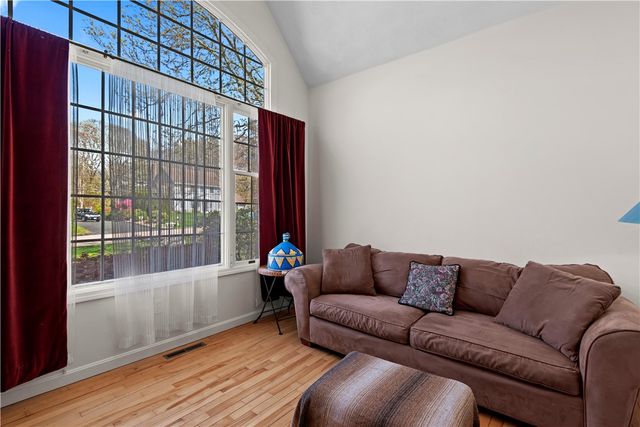 32 Trolley Lane, Westerly, RI 02891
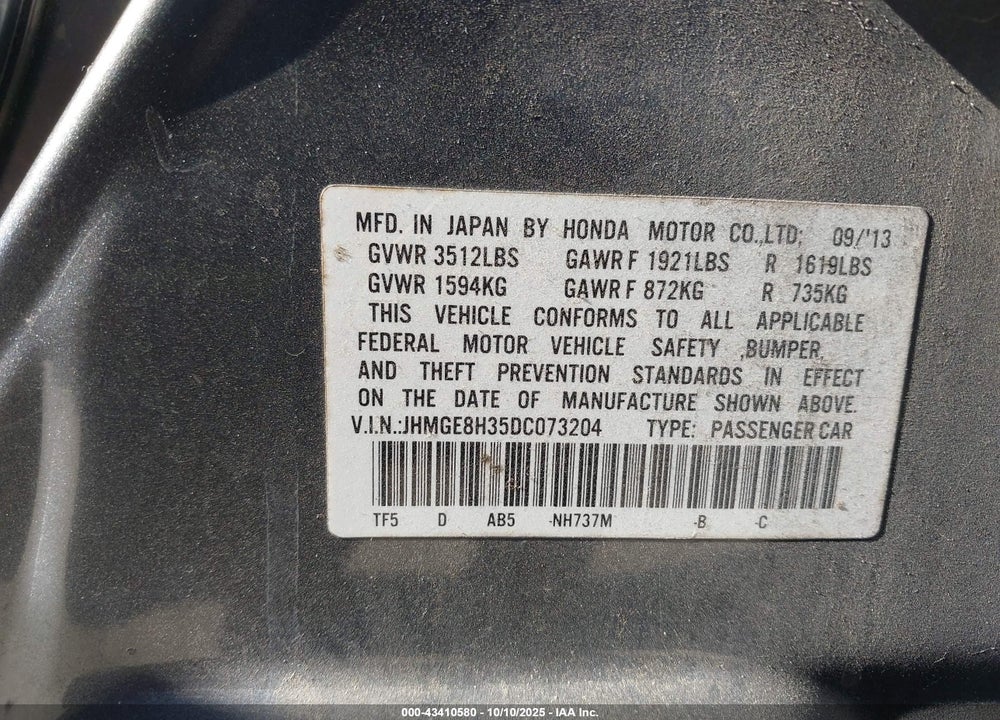 2013 HONDA FIT VIN: JHMGE8H35DC073204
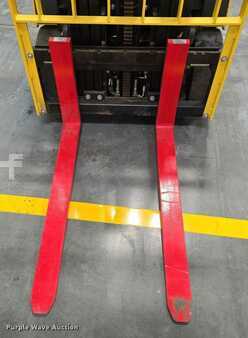 4 Wheels 2023  Hyster E35HSD3-18 (15)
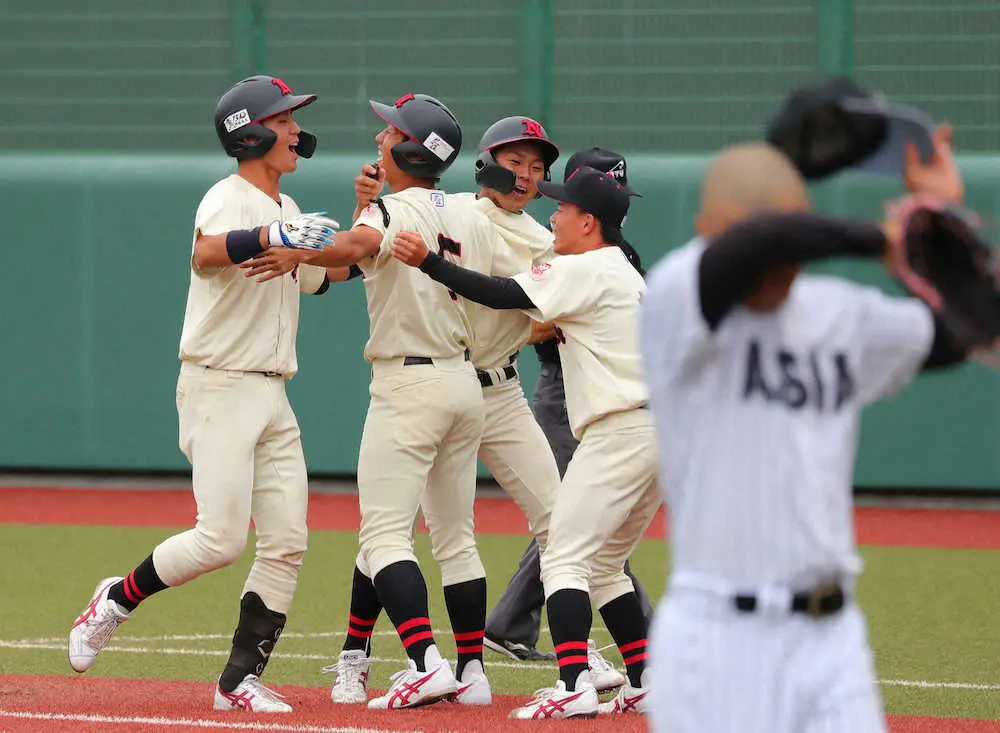 東都大学野球が福島で開幕　日大が前季優勝の亜大にサヨナラ勝利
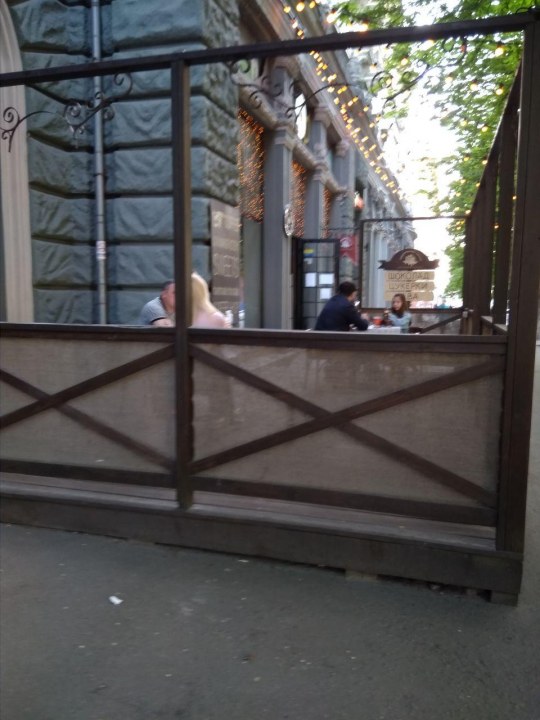 Скандал в Днепре | Популярное кафе уличили в нарушении карантина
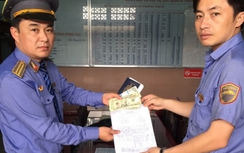 Hành khách Canada nhận lại 1.200 USD bỏ quên trên tàu SE3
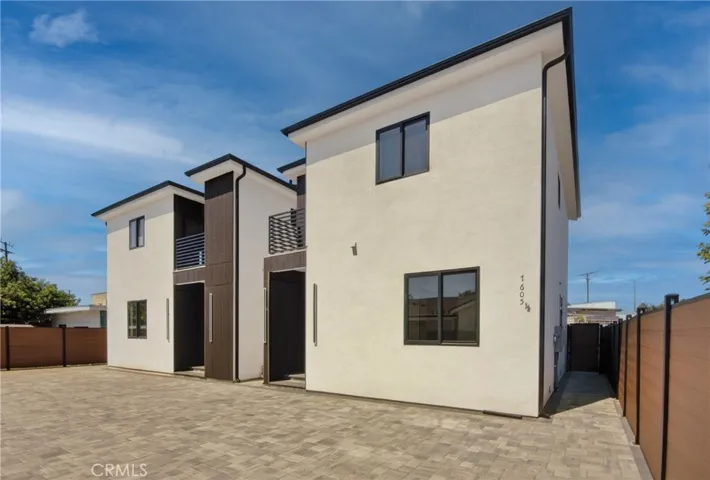 7605 Greg Avenue 1/2, Sun Valley, California 91352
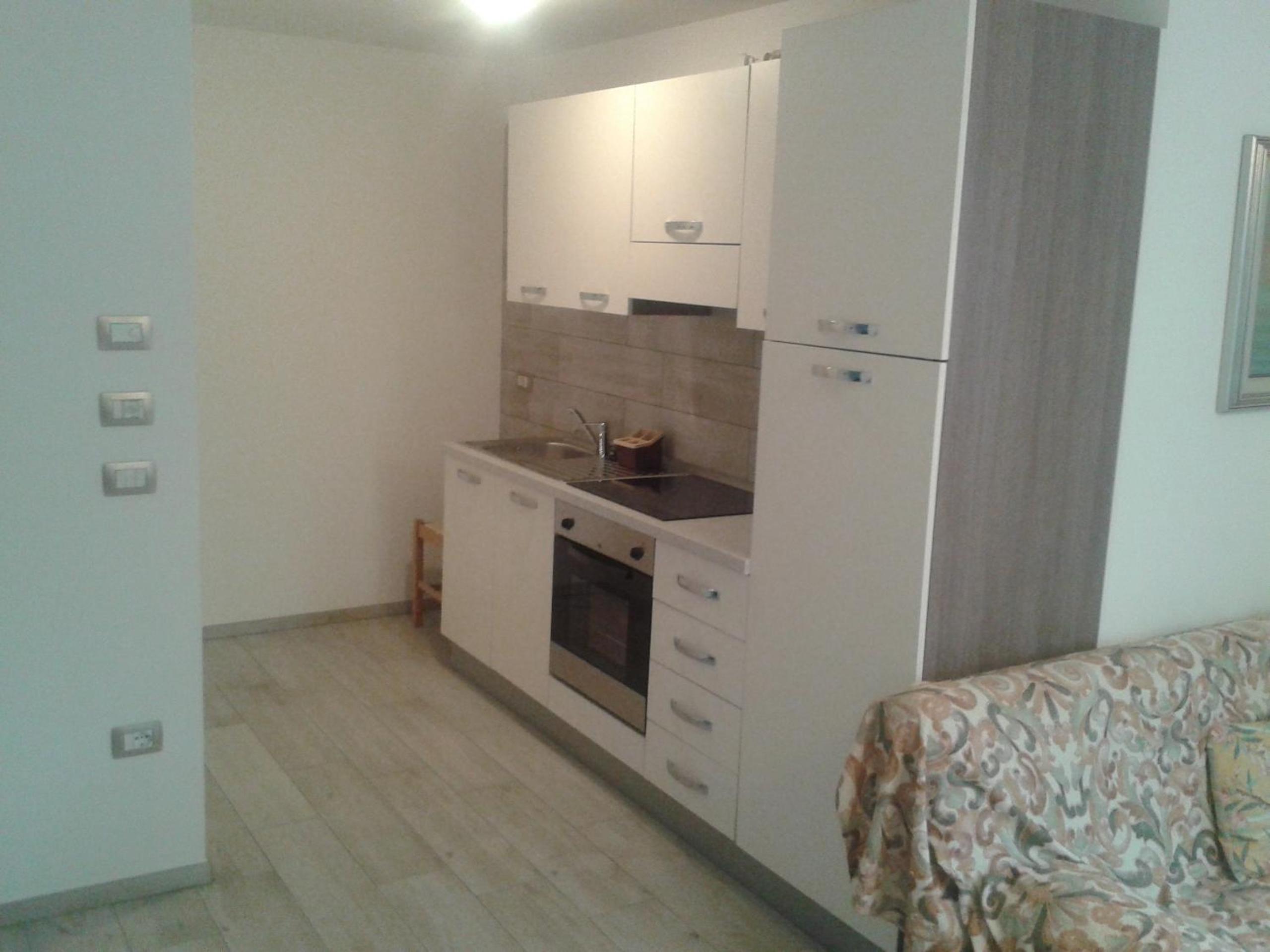 Photo 32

TASK ▸
Write out the lines from the line with "東都大学野球が福島で開幕　日大が前季優勝の亜大にサヨナラ勝利" through the end of the records exactly; do not include pictures or any other lines.

EXERCISE ANSWER ▸
 東都大学野球が福島で開幕　日大が前季優勝の亜大にサヨナラ勝利
 Скандал в Днепре | Популярное кафе уличили в нарушении карантина
 Hành khách Canada nhận lại 1.200 USD bỏ quên trên tàu SE3
 7605 Greg Avenue 1/2, Sun Valley, California 91352
 Photo 32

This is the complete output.